Enter 19-year-old Tony Manero, a disco-god on the dance floor on Saturday nights. He works at a paint store, hangs out with his gang of underachievers, and still lives with his parents. When one of his friends gets beaten up, they take revenge on a rival gang without verifying the facts. When Tony's brother decides to quit the priesthood, and their mother blames Tony he immediately lashes out at her saying "There! You happy? Now you have two losers for sons." But family is family, and he sobbingly apologizes. There's also the requisite love triangle between Tony, Annette and Stephanie. Annette's love for Tony is unrequited. Tony's crush on Stephanie is frustrated by the fact Stephanie wants to move up in the world, while Tony remains an unsophisticated boy destined to remain in his social caste. What brings them together? Dance.
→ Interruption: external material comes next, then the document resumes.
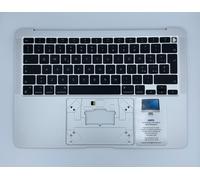 Tastiera layout topcase Silver Grigio ITALIANO Macbook 13" Air M1 A2337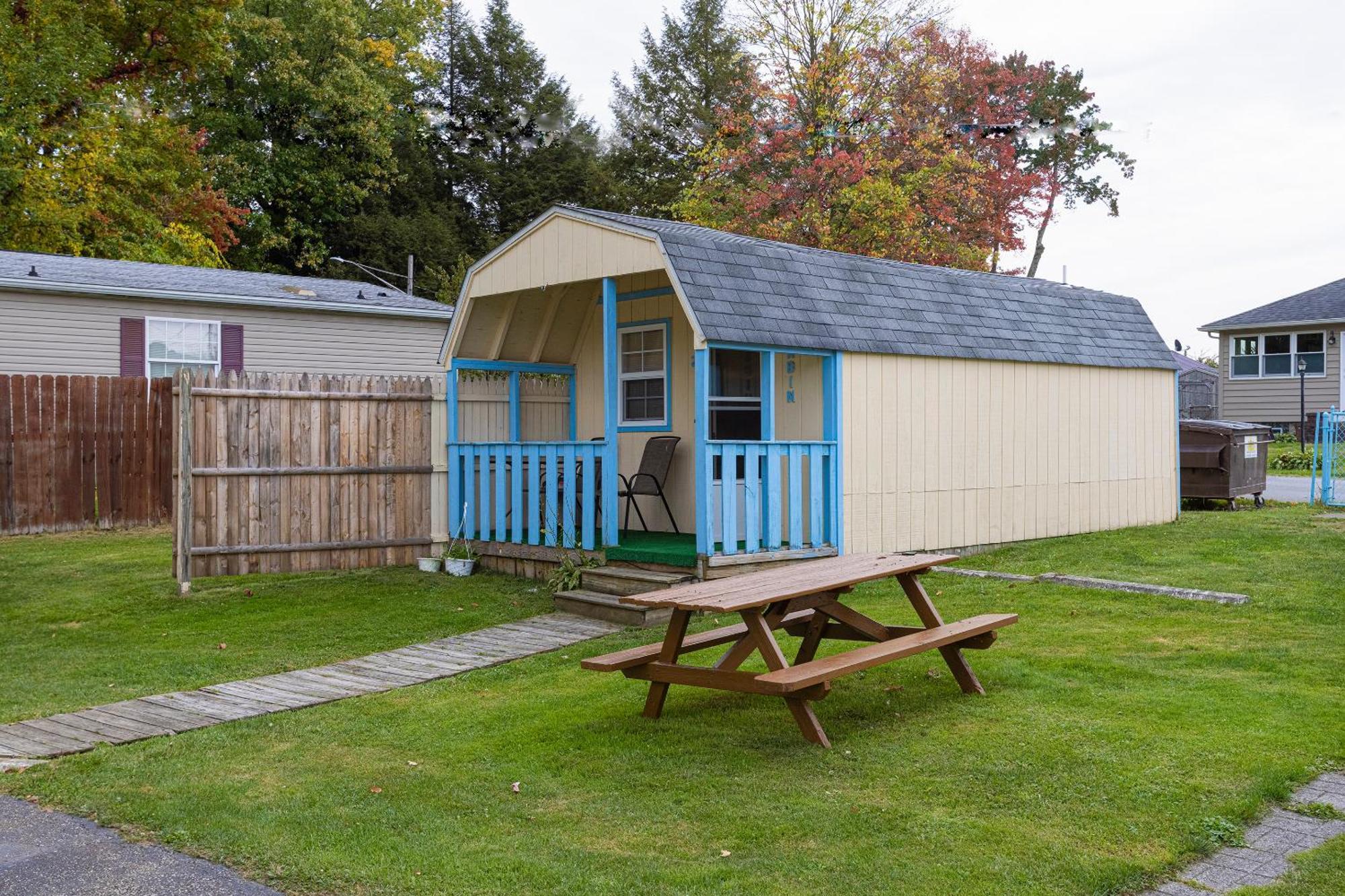 Parkside Motel By Oyo Meadville Conneaut Lake Conneaut Lakeshore Esterno foto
Disco-dancing to be more precise.
This film is probably what created the genre of dance movies like "Strictly Ballroom" and the Japanese "Shall We Dance." In all these films, the dance floor becomes a world of its own. A world far away and far different from the chaos that surrounds our protagonists' daily lives. On the dance floor, there is no social ladder to climb, no enemies to beat up, no worries to weigh them down. Yet at the same time, it isn't the real world. And it only exists between 5 minute intervals of song.
In the real world, people look up to Tony.